**What is needed:** With pictures left out, set down exactly the lines from the line containing "Sistem solar magnetic PlayLearn Toys" through the last line of the data.

* * *

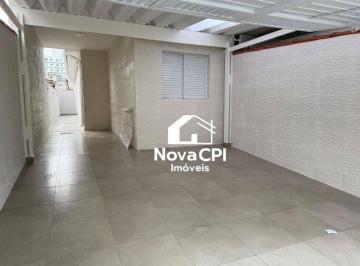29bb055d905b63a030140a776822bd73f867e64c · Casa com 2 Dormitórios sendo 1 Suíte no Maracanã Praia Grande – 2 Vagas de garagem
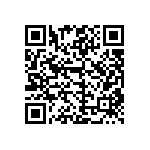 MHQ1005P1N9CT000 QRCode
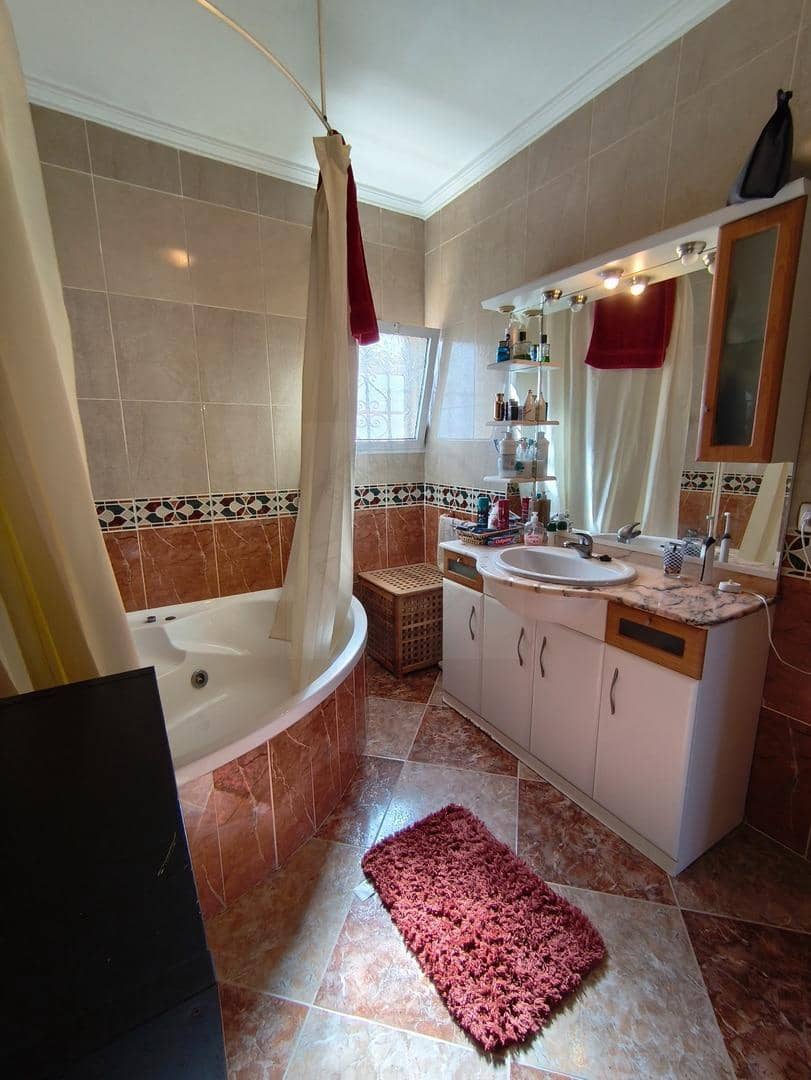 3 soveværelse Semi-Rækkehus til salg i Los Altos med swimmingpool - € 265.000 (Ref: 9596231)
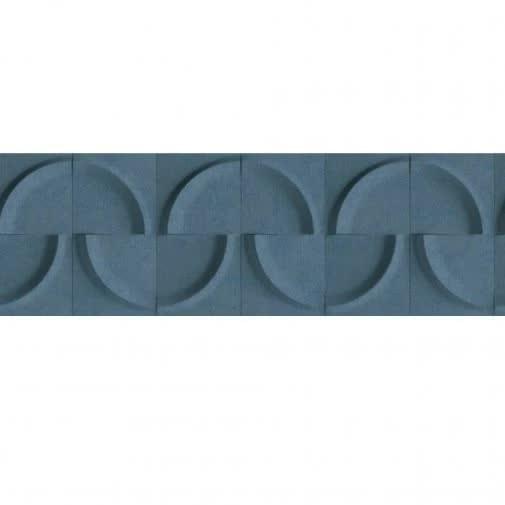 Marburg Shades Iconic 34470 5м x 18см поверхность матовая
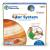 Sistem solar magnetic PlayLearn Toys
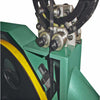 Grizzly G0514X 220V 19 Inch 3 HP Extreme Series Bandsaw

* * *

**Reply to the exercise:**
 Sistem solar magnetic PlayLearn Toys
 Grizzly G0514X 220V 19 Inch 3 HP Extreme Series Bandsaw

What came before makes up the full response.